Он закрыл глаза. Попытался найти образ. Появилась Марга, наклоняющаяся, вырез, волосы, падающие ей на лицо. Хорошо. Работает. Он представил её на коленях прямо здесь, в цехе, с разорванной блузкой, с большими грудями, свободно свисающими, отсасывающей ему с этим ртом с накрашенными губами, который она делала, когда заказывала хлеб. Рука стала двигаться увереннее, сжимая сильнее под головкой, вырывая тот дикий зуд. Он представил, как хватает её за волосы, вдавливает лицо ей в пах, трахает её рот, пока тушь не потечёт у неё по щекам. Но через несколько секунд, не спрашивая разрешения, Марга растворилась, и вместо неё возник Тобиас. Тобиас без майки, с теми татуировками, что шли у него по левому боку от шеи до бедра, спиралью спускаясь ниже, пока не терялись под линией пояса спортивных штанов. Тобиас смотрит на него через прилавок с маленькой, кривоватой улыбкой из тех, что говорят: «мы с тобой и так всё знаем».
— Мать твою, — прошептал Лало и ускорил темп.
Фантазия развернулась сама. Тобиас входит в цех через заднюю дверь, опирается о косяк, видит его вот так, с вытащенным и капающим членом, и не удивляется. «Давай, мужик.
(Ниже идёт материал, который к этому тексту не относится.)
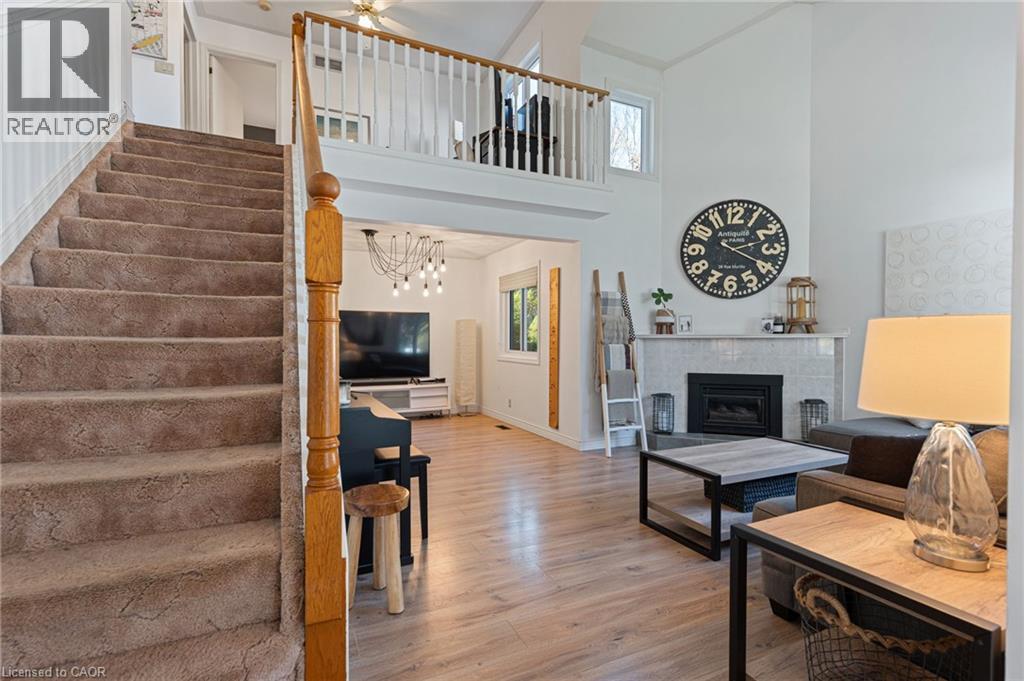 29 Leslie Avenue — photo 15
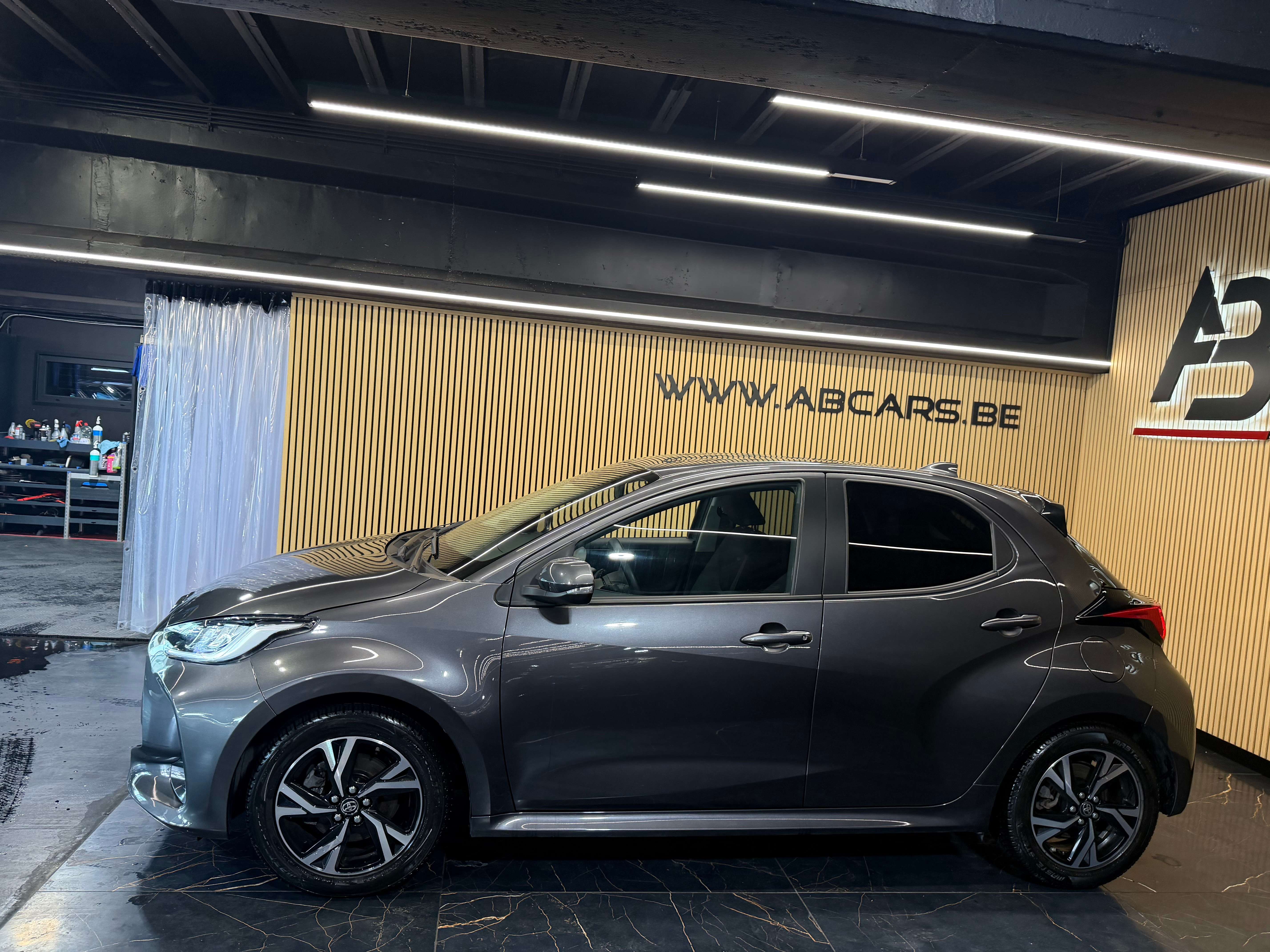 Toyota Yaris 1.5I HYBRID // ESSENCE ** GARNATIE 12 MOIS ** thumbnail
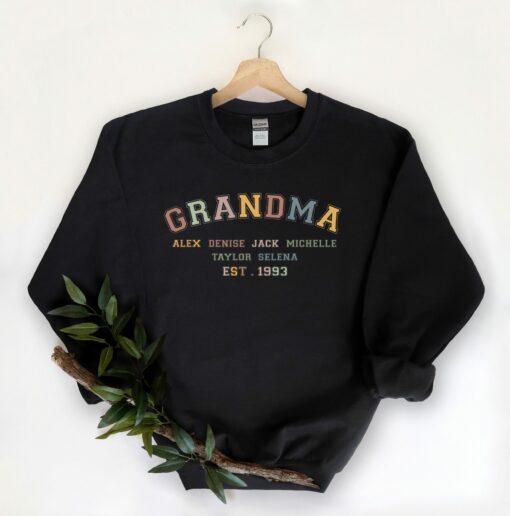 Personalized Grandma with Kids Names Date Gift for Mother’s Day from grandkids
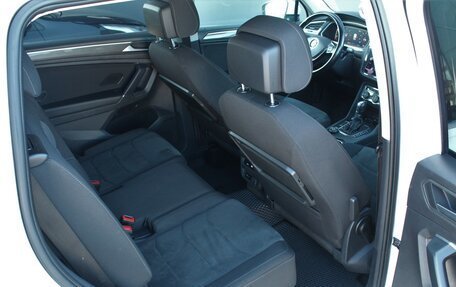 Volkswagen Tiguan II, 2019 год, 2 590 000 рублей, 24 фотография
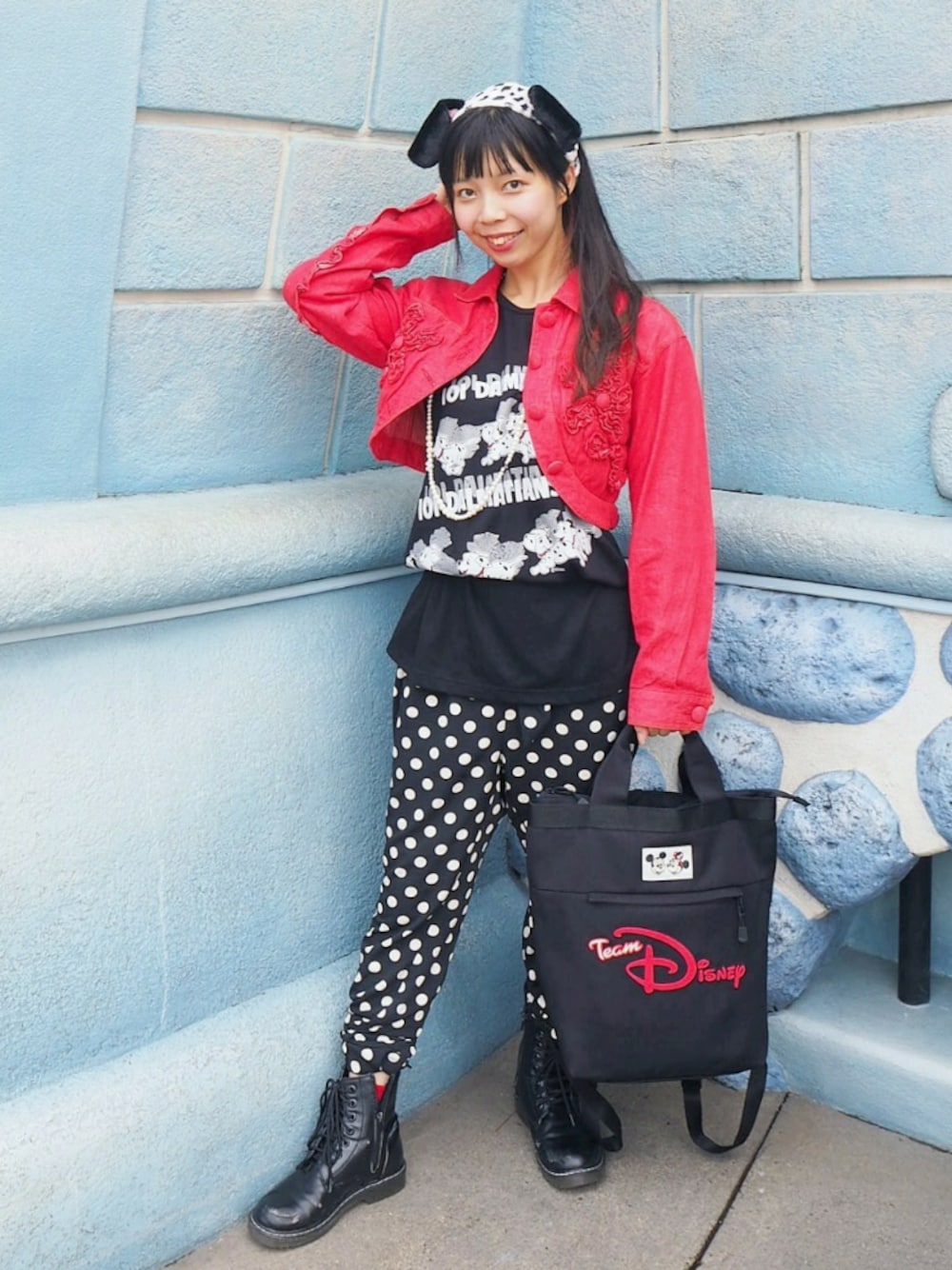 「ディズニーバウンド、ディズニーコーデ、101匹わんちゃん、古着MIX、ドットパンツ、黒×赤、ブラックコーデ、水玉、秋コーデ、レースアップシューズ」｜「VINTAGEのアイテム（デニムジャケット、レッド系）」を使った、chie☻さん（レディース・159cm）の秋コーディネートの1枚目の写真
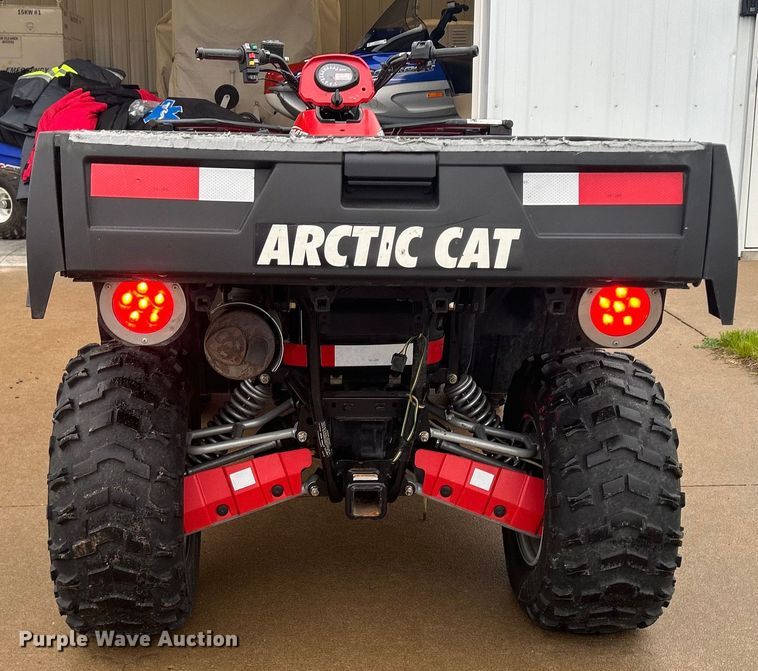 image for item MO9235 2006 Arctic Cat 500 ATV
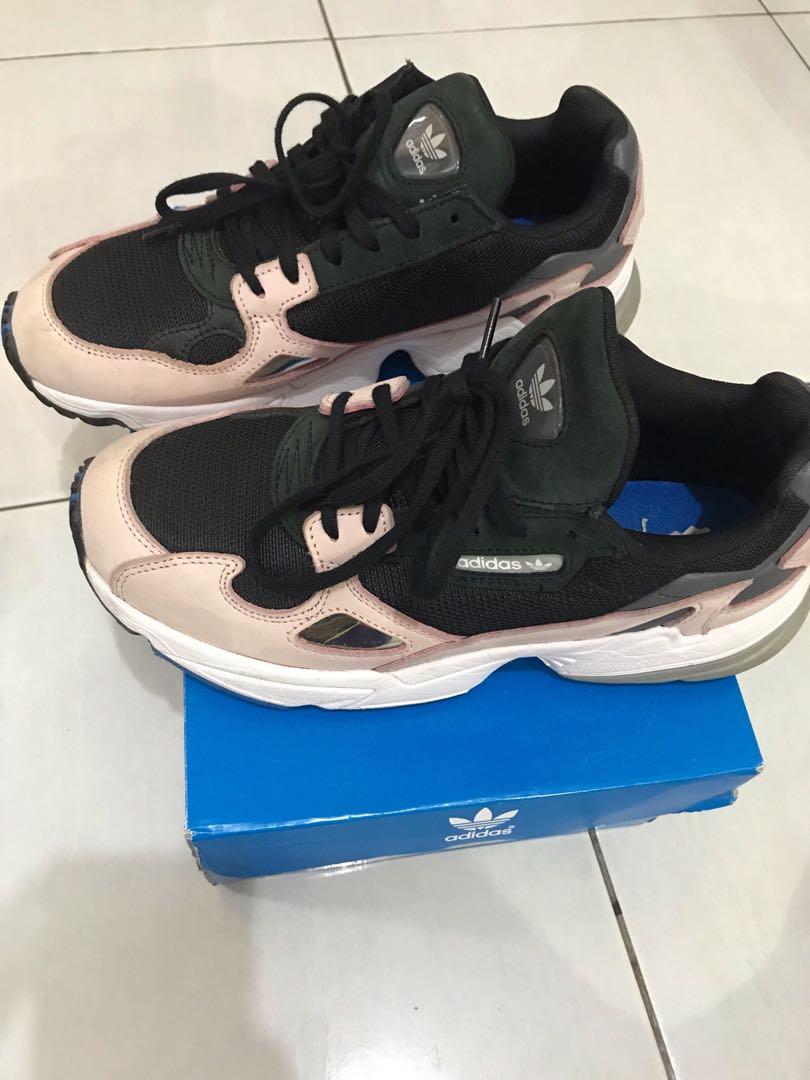 adidas falcon original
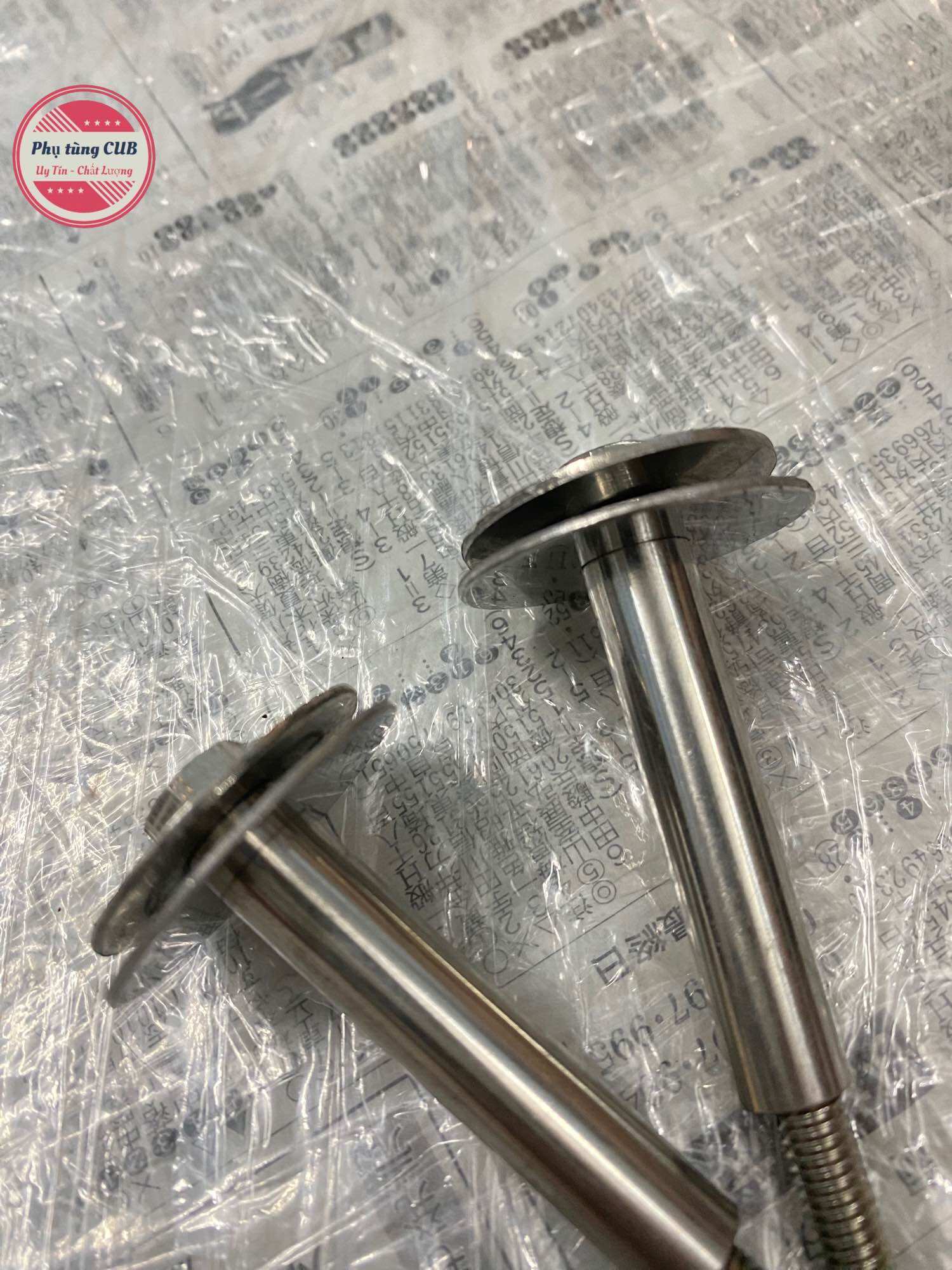 Ốc bắt bửng xe cub bằng inox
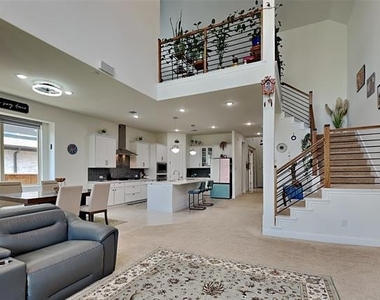 2931 Genevieve Lane - Photo Thumbnail 4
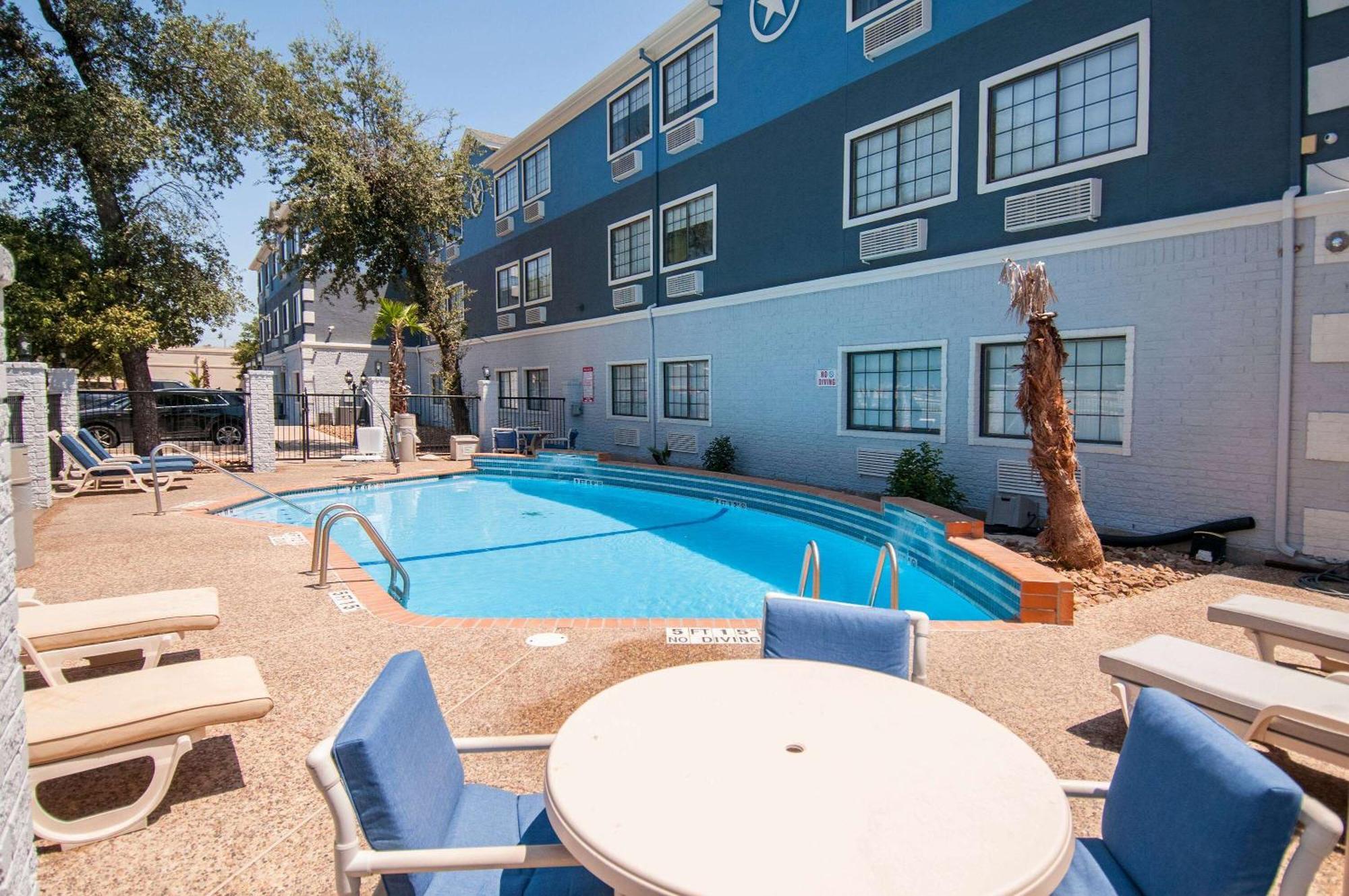 Days Inn & Suites By Wyndham San Antonio North/Stone Oak Dış mekan fotoğraf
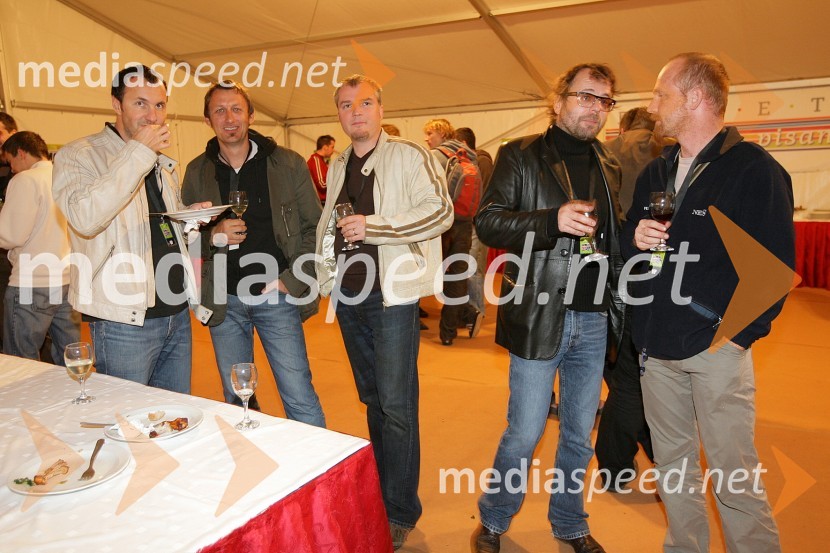 Skupina Mi2Gremo na prvi rok, koncert Univerze v Mariboru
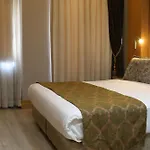 Hotel Heya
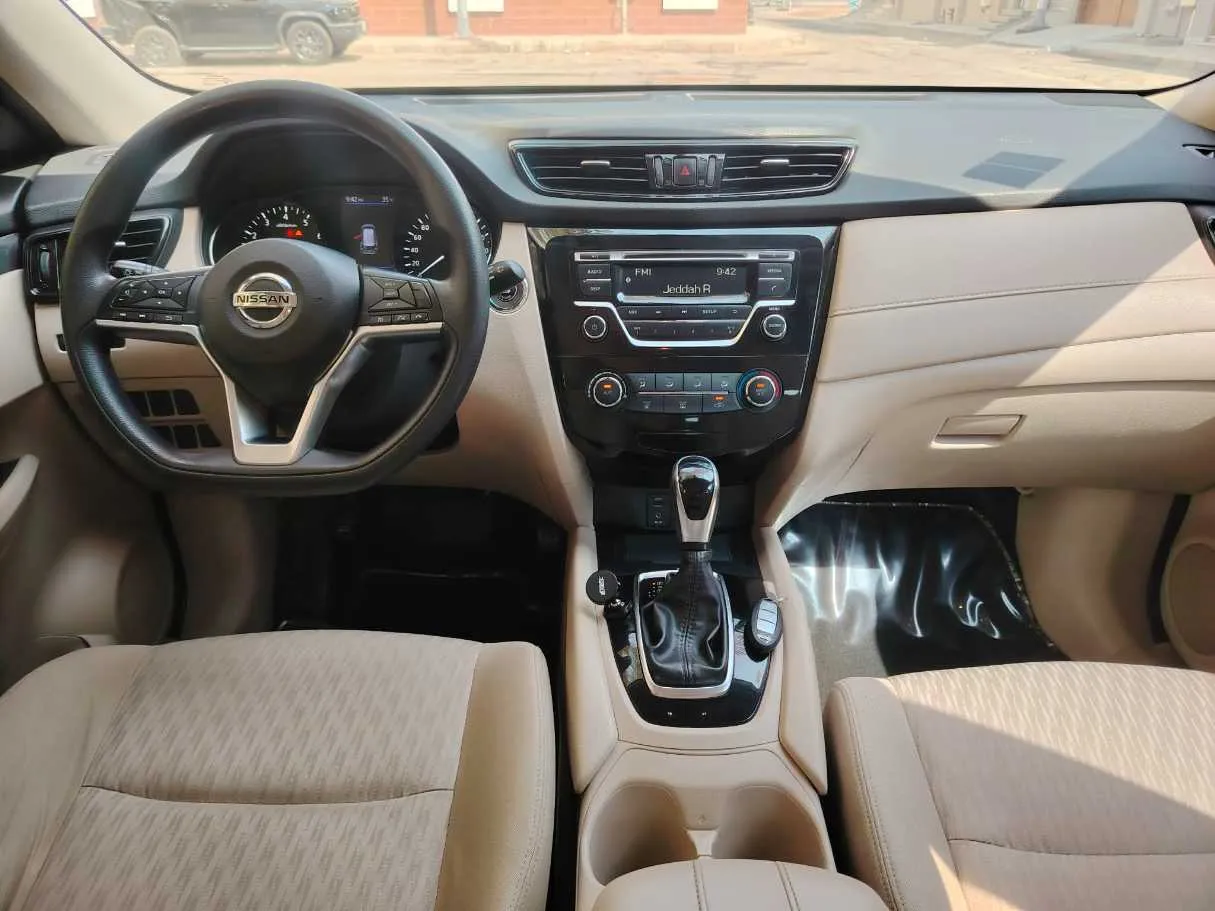 Car image 23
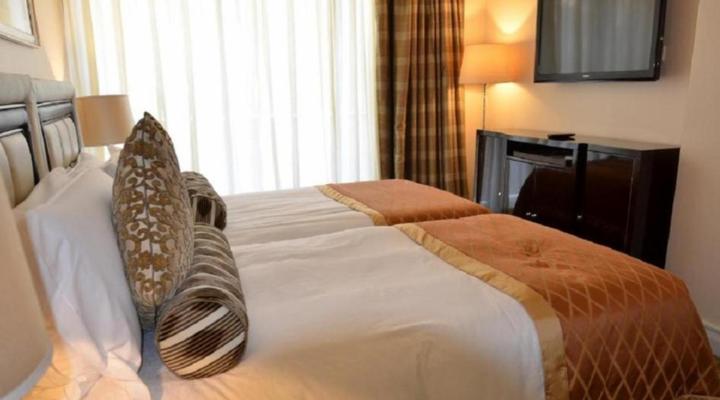 Taj Luxury Suites 405 and 406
Давай, дёргай его, хочу на тебя посмотреть». Тобиас проходит кухню в четыре шага. Тобиас становится на колени между его ног, с татуированными предплечьями, упёртыми в бёдра Лало, короткой бородой, щекочущей внутреннюю сторону его бёдер. Эта мысль ударила с новой, почти жестокой силой. Никогда прежде он не представлял ничего подобного так подробно. Никогда не хотел, чтобы образ стал реальностью так сильно.
Он представил, как тот опускает голову и заглатывает его член целиком, до основания, носом прижимаясь к светлым волоскам лобка, а яйца Лало бьют ему по подбородку. Он представил, как Тобиас сосёт с жадностью голодного самца, без всяких нежностей, мотая головой вверх-вниз с бешеным ритмом, со впалыми от сосания щеками, с ниткой слюны, стекающей из уголка рта и капающей ему на яйца. Он представил, как тот резко выпускает его член изо рта, плюёт на него, смотрит ему в глаза и говорит: «Тебе нравится, как я тебе отсасываю, пекарь?»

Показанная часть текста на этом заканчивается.